Tracking issue for RFC 2102, "Unnamed fields of struct and union type"

Centril commented 6 years ago

This is a tracking issue for the RFC "Unnamed fields of struct and union type" (rust-lang/rfcs#2102). The feature gate for the issue is #![feature(unnamed_fields)].

About tracking issues

Tracking issues are used to record the overall progress of implementation. They are also used as hubs connecting to other relevant issues, e.g., bugs or open design questions. A tracking issue is however not meant for large scale discussion, questions, or bug reports about a feature. Instead, open a dedicated issue for the specific matter and add the relevant feature gate label.

Steps

[ ] Implement the RFC (see https://github.com/rust-lang/rust/issues/49804#issuecomment-798768285 for mentoring instructions)
[ ] Adjust documentation (see instructions on forge)
[ ] Formatting for new syntax has been added to the Style Guide (nightly-style-procedure)
[ ] Stabilization PR (see instructions on forge)

Unresolved questions

None so far.

Implementation history

115131
115367
121198

joshtriplett commented 6 years ago

@Centril Regarding unresolved questions: the first three paragraphs in that section are just talking about the future possibility of full unnamed types that can appear everywhere, which would be the subject of a future RFC. The last paragraph talks about other future possibilities that also need their own RFCs.

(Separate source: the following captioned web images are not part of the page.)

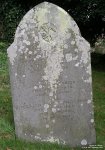 Kington St. Michael - photo: 0073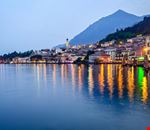Limone sul Garda Limone sul Garda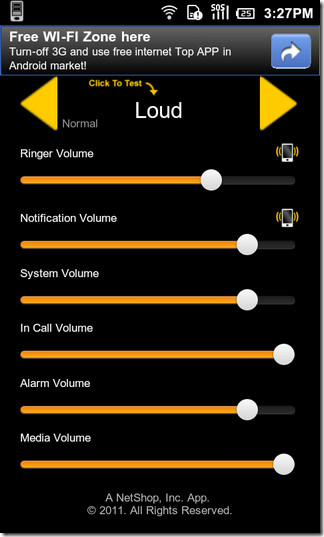 02-Volume-Rocker-Android-Loud 02-Volume-Rocker-Android-Loud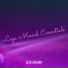 Leza Mesiah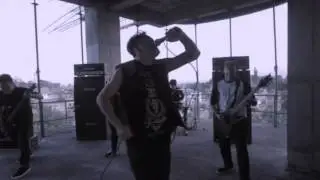 Cross The Devil - Predator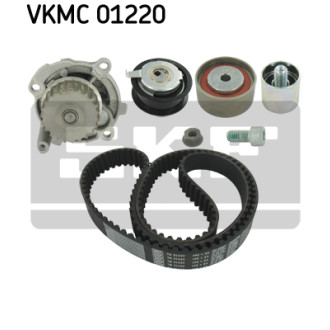SKF VKMC 01220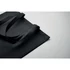 Kép 3/3 - item_detail_picture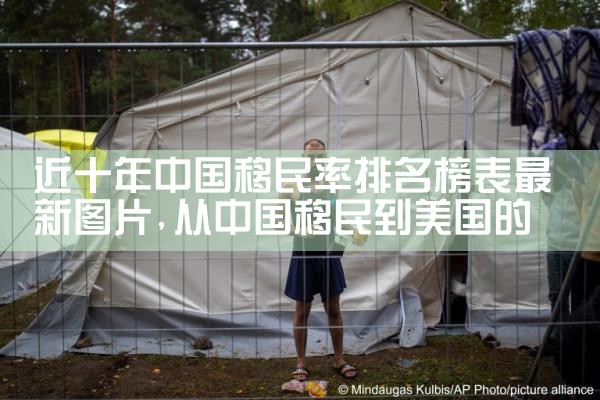 兰州固定翼无人机灭火厂家|大疆无人机UAV《今天汇总》厂家电话
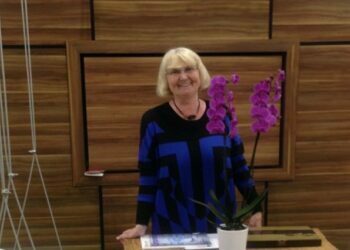 Hayriye Gönen : Yılın son ayında yazacak o kadar çok şey var ki!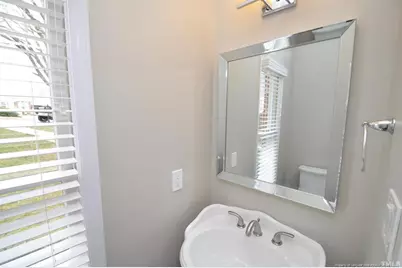 133 Cumberland Green Drive, Cary, NC 27513 - Photo 34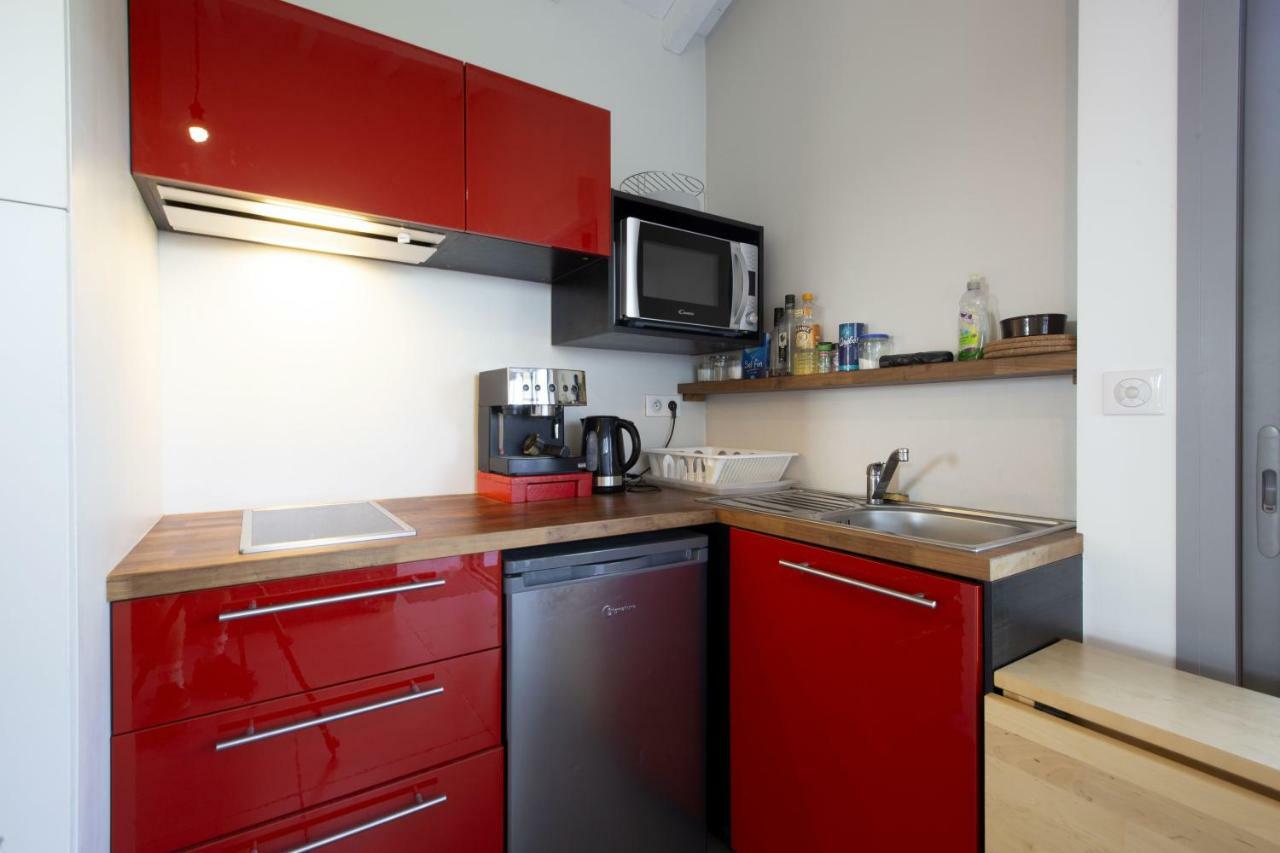 Apartmán Pura Vida # Meuble Plein De Charme Ocean Montagne Villefranque Exteriér fotografie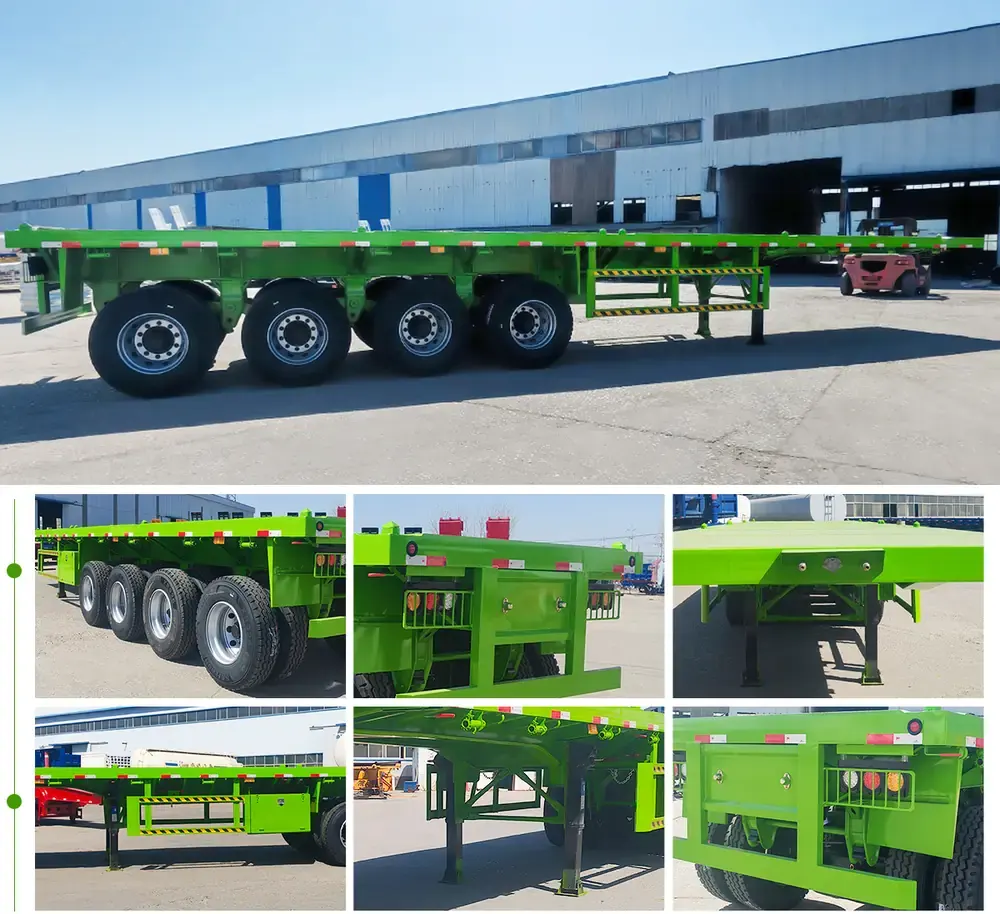 4-Axles-80Ton-Flat-Bed-Semi-Trailer (4).webp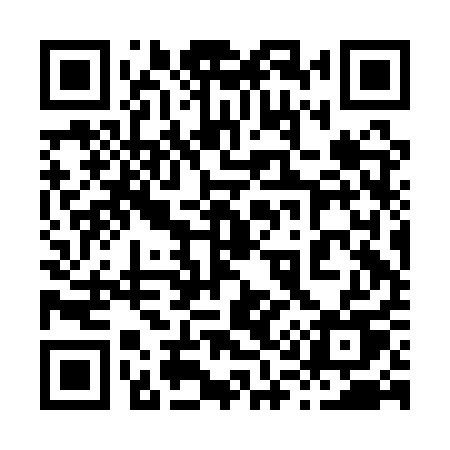 QR code for 812AQU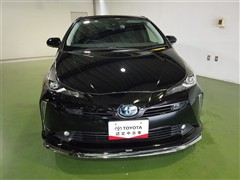 プリウス S ツーリングセレクション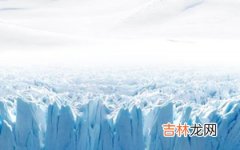 择吉日,2020年农历六月有哪几天是适合办喜事的黄道吉日？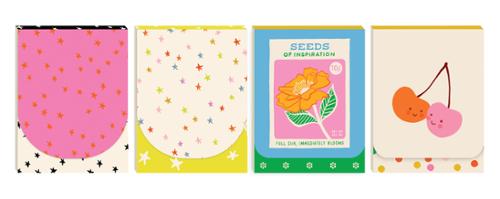 Pocket Notepad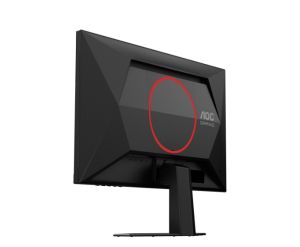 Геймърски монитор AOC G4 23.8" Full HD Fast IPS 260Hz (24G4ZRE)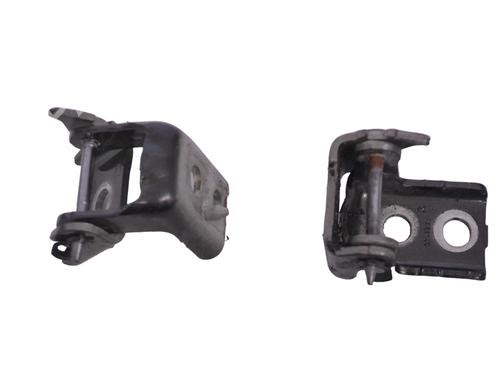Hinge/Door check strap PEUGEOT 3008 II SUV (MC_, MR_, MJ_, M4_) 1.6 BlueHDi 120 | BP14804546C146 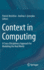 Context in Computing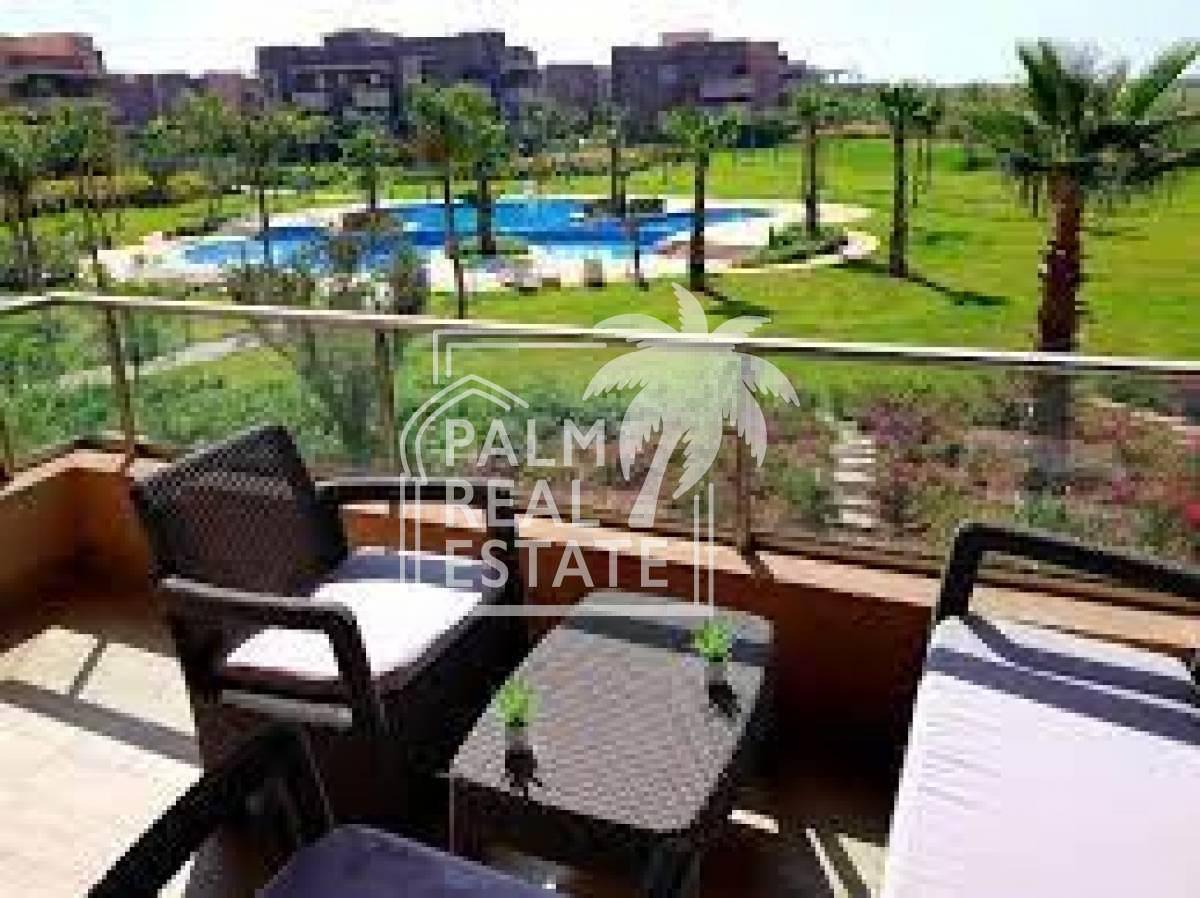 top affaire vente appartement agdal marrakech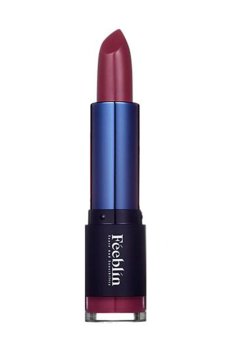 Помада для губ Konad Feeblin Four Seasons Lipstick, R9 Gloomy Sunday, 3.5 г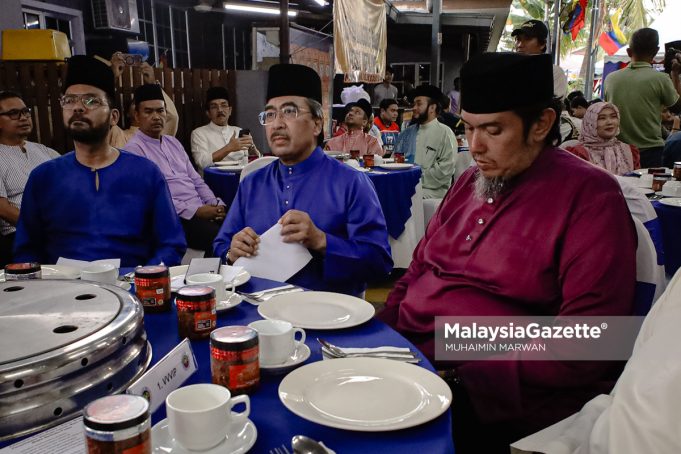 MGF01032026_JOHARI-2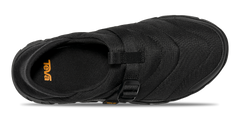 Men'sReEmber Camp Slip On
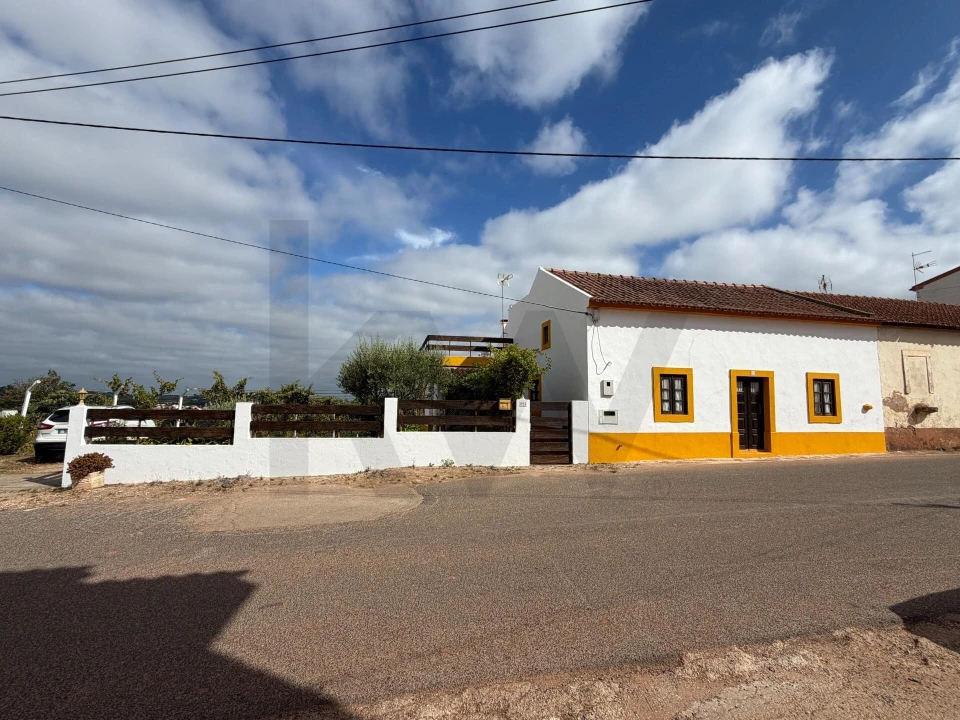 Quinta T5 para Venda em Painho e Figueiros Foto 74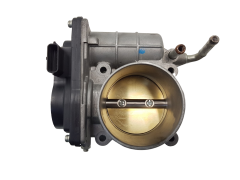 Gaasiklapi ventiil Renault 161201190R RME60-12 2.0 16V 3290
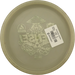 Active Premium Sensei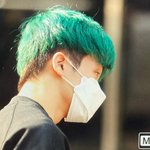 [NCT칠프] 맠 지금 머리 뚜껑됨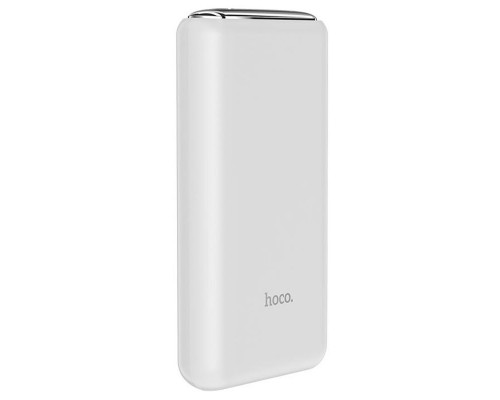 Портативное зарядное устройство Power Bank Hoco Q1 Kraft 10000 mAh (00000049136_2)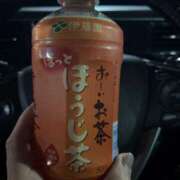 ヒメ日記 2026/03/16 20:29 投稿 島田 ゆりこ ベストマダム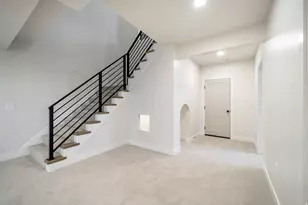 176 S 1150 E, Pleasant Grove, UT 84062 - Photo 29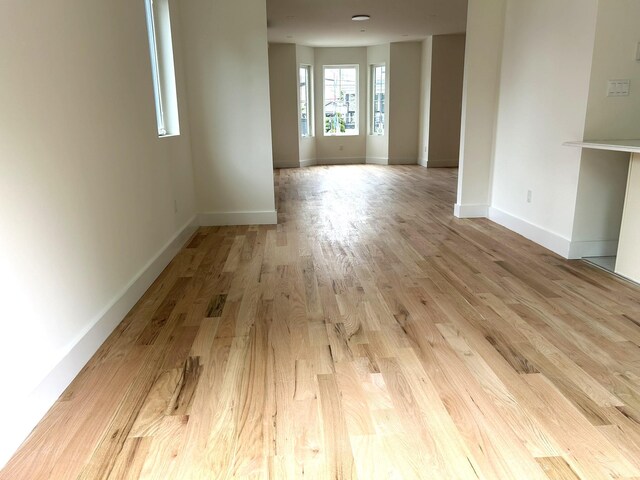 25 Marie St, Staten Island, NY 10305 - photo 8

Centril commented 6 years ago

@joshtriplett Yeah; that was also my interpretation, so ==> no unresolved questions?

cramertj commented 5 years ago

Looks like this still needs an implementation

igotfr commented 4 years ago

I think It, I hope it helps

RFC #2870

think it would be better that way

let unamedstruct: { count: i32, price: f64, type: u8 } = { count: 500, price: 6.4, type: 1 };

or

let unamedstruct: Struct = { count: 500, price: 6.4, type: 1 };

or simply

let unamedstruct = { count: 500, price: 6.4, type: 1 };

nothing to do with tuples, starting with tuples having no named elements, structs yes

joshtriplett commented 4 years ago

@cindRoberta That's an unrelated proposal. This RFC is about unnamed fields within other types, not fully general anonymous types.

ibraheemdev commented 3 years ago

Is there any movement on this, or is it just waiting for someone to implement it?

varkor commented 3 years ago

This is still waiting on an implementation.

ibraheemdev commented 3 years ago

@varkor maybe mentoring instructions would help someone get started?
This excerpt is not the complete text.